- **TASK**: What you return must match, exactly, the lines running from the one containing "Property Photo: 16" to the end of the data, both included, and must contain no pictures.

- **DATASET EXTRACT**:
════
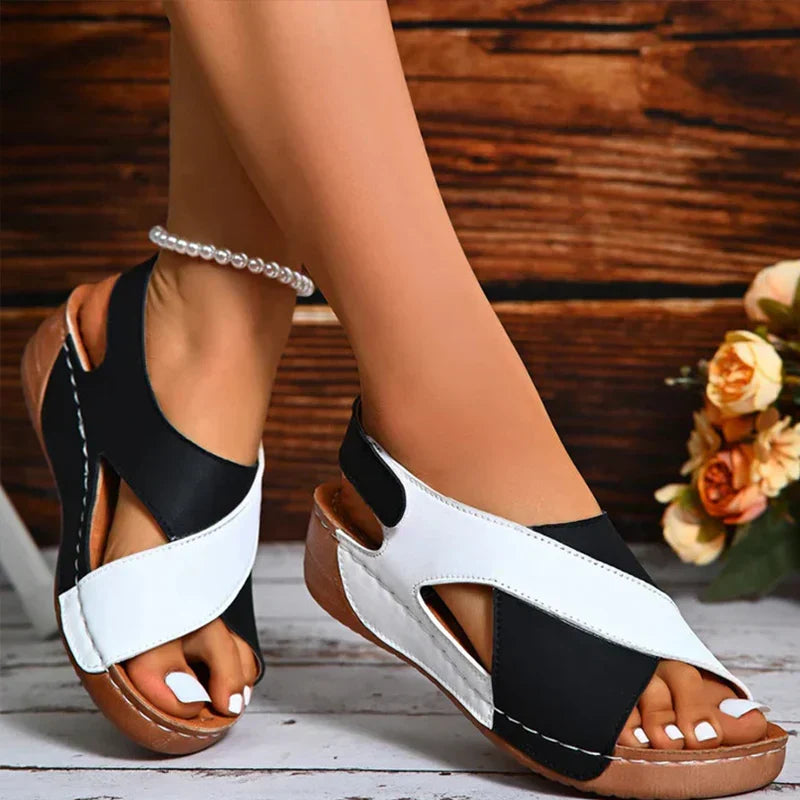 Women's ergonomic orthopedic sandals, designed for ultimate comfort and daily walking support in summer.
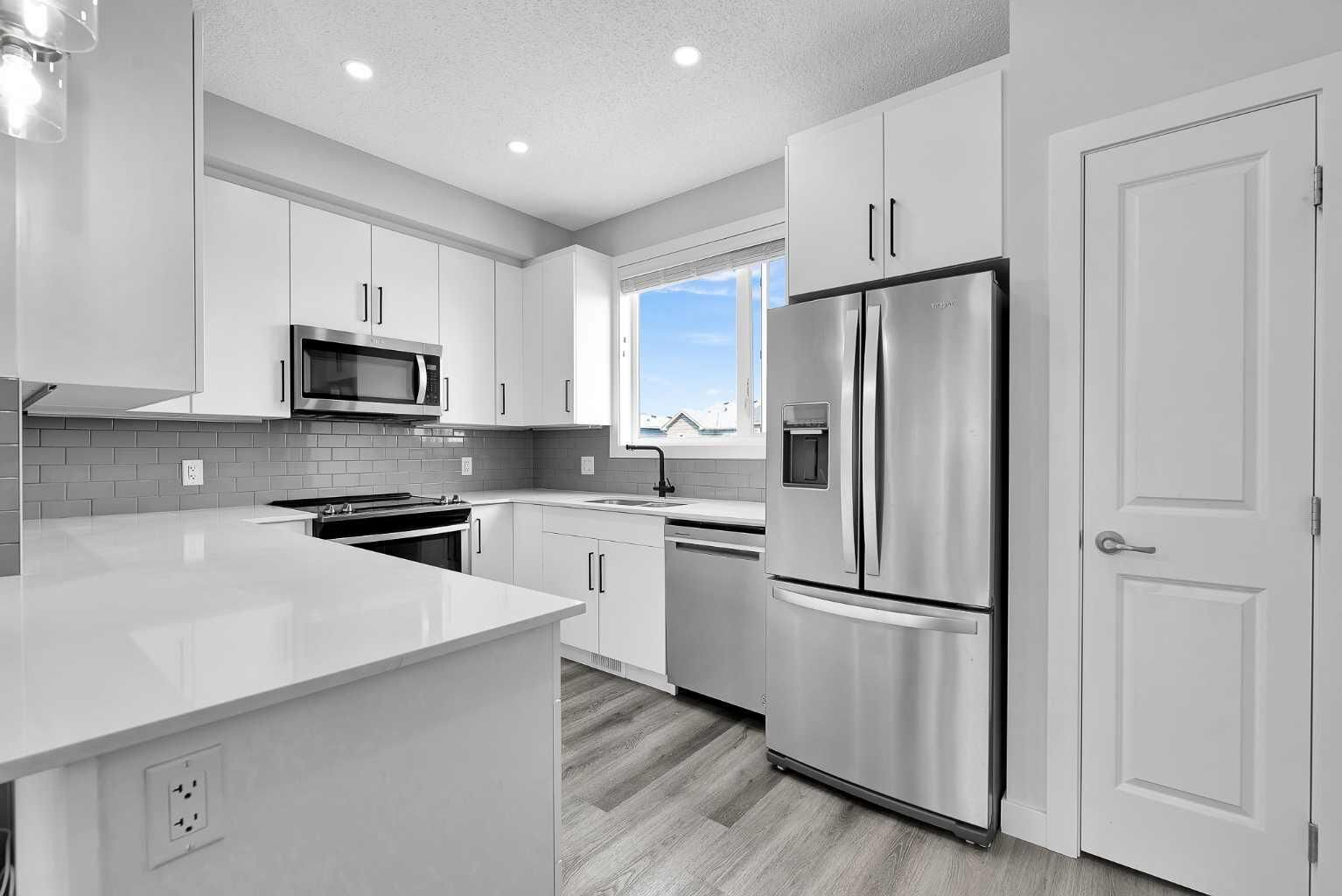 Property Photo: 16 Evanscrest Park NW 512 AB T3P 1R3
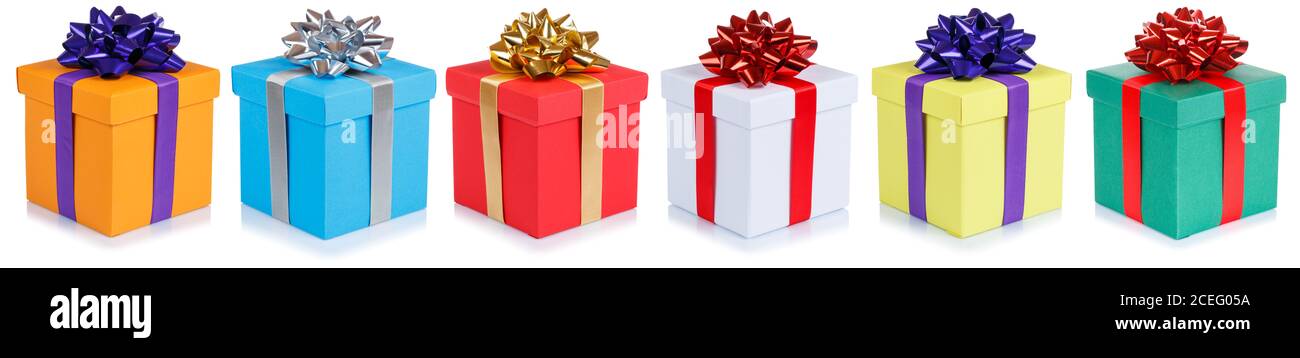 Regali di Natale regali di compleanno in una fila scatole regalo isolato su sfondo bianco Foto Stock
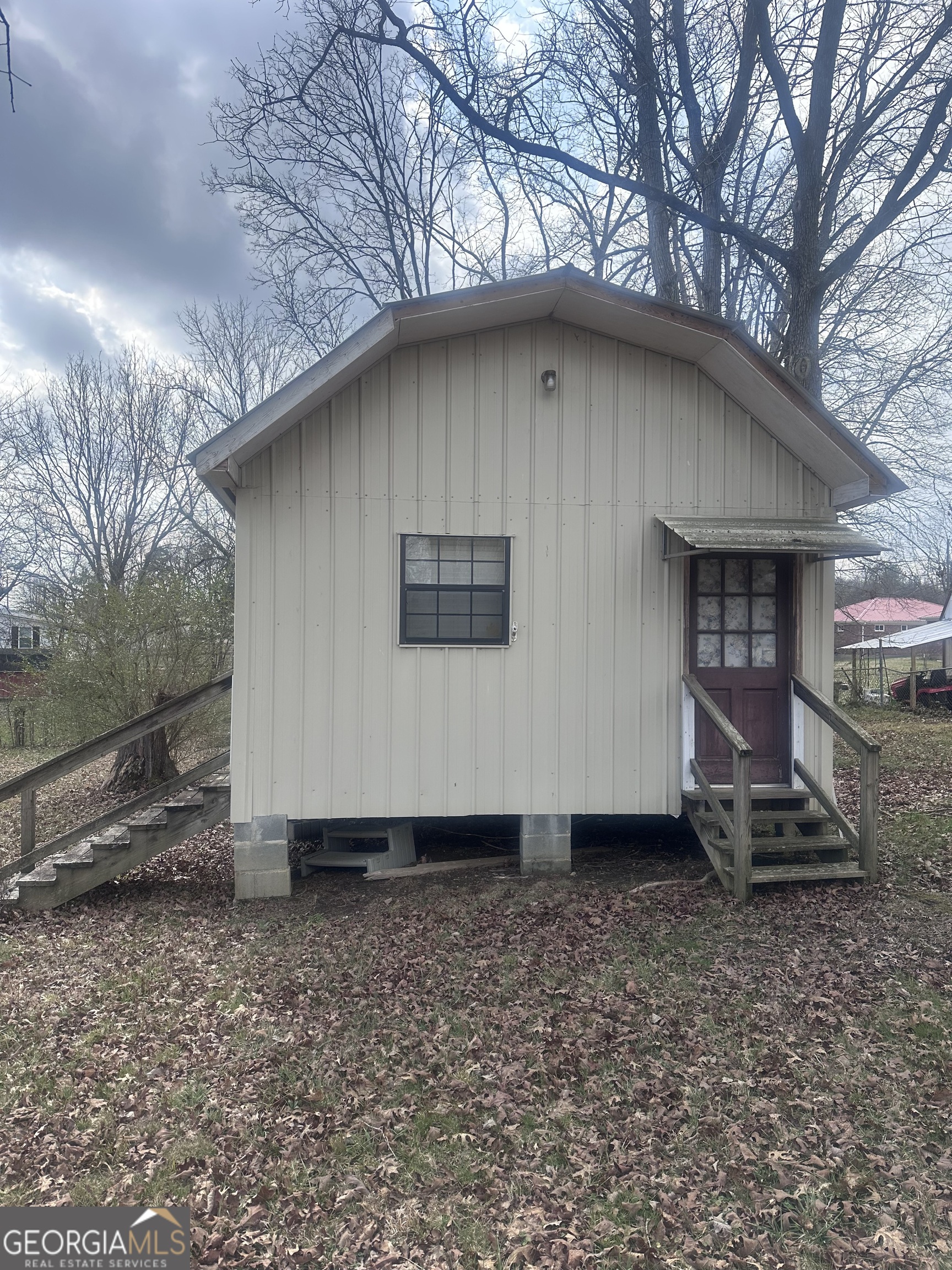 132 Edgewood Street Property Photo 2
════
- **REPLY TO THE EXERCISE**:
 Property Photo: 16 Evanscrest Park NW 512 AB T3P 1R3
 Regali di Natale regali di compleanno in una fila scatole regalo isolato su sfondo bianco Foto Stock
 132 Edgewood Street Property Photo 2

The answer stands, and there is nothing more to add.